Whether driving on the highway or walking down the street, we pick up on both deliberate signals and unconscious cues to predict what other people are going to do and act accordingly. But robots have trouble following each other around, for example, when a leader turns a corner and disappears from sight. Researchers at UC Davis have come up with a control system that allows a robot to pick up on cues that the leader is about to turn, predict where it is going and follow it.
"The following problem is a quite fundamental problem in robotics," said Sanjay Joshi, associate professor of mechanical and aeronautical engineering at UC Davis. Robots that are better at following could be easier for people to work with, he said. A hospital robot could follow a doctor around the wards.
Humans use signals and unconscious cues to build a model that predicts where other people are going. Behavioral studies show that people unconsciously turn their heads a fraction of a second before making a left or right turn. Joshi and his team of researchers developed a control system that could take such behavioral cues into account in making decisions about which way to move.
Joshi, graduate student Michael Chueh, and undergraduate students William Au Yeung and Calvin Lei tested the system using a small commercially available robot, the Evolution Robotics Scorpion. The robot's camera could identify a target on the lead robot, and the robot's onboard computer could combine the target information with behavioral cue information.
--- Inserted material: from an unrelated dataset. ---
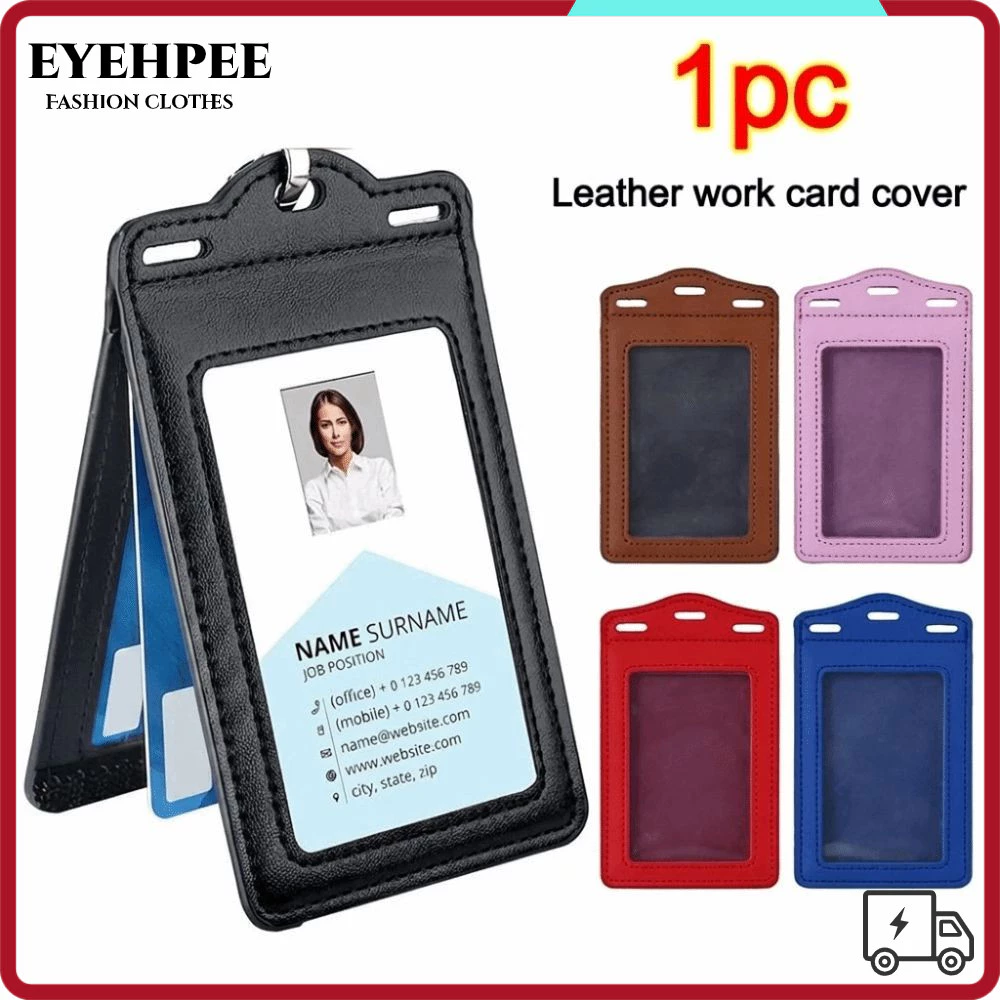 Giá đỡ huy hiệu EYEHPEE, Hộp đựng thẻ ID bằng da PU trong suốt, bền bỉ với khe cắm thẻ Hộp đựng thẻ gấp ba lần cho thẻ tên ID Thẻ tên doanh nghiệp Thẻ ID sinh viên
Rather than have the lead robot signal the follower directly, the research team sent "behavioral cues" to the follower via wireless link. Effectively, the cues told the robot, "the leader might be about to turn right" or "might be about to turn left."
To develop a decision on how to move, the follower robot was programmed to take into account the lead robot's behavioral cues and the follower's prediction of the lead robot's movement, based on the leader's current speed and direction. Robots that incorporated behavioral information into their decisions performed much better at following the leader around corners than others, the researchers found.
"We think that if we can embed these cues in control systems, we can make following more reliable," Joshi said.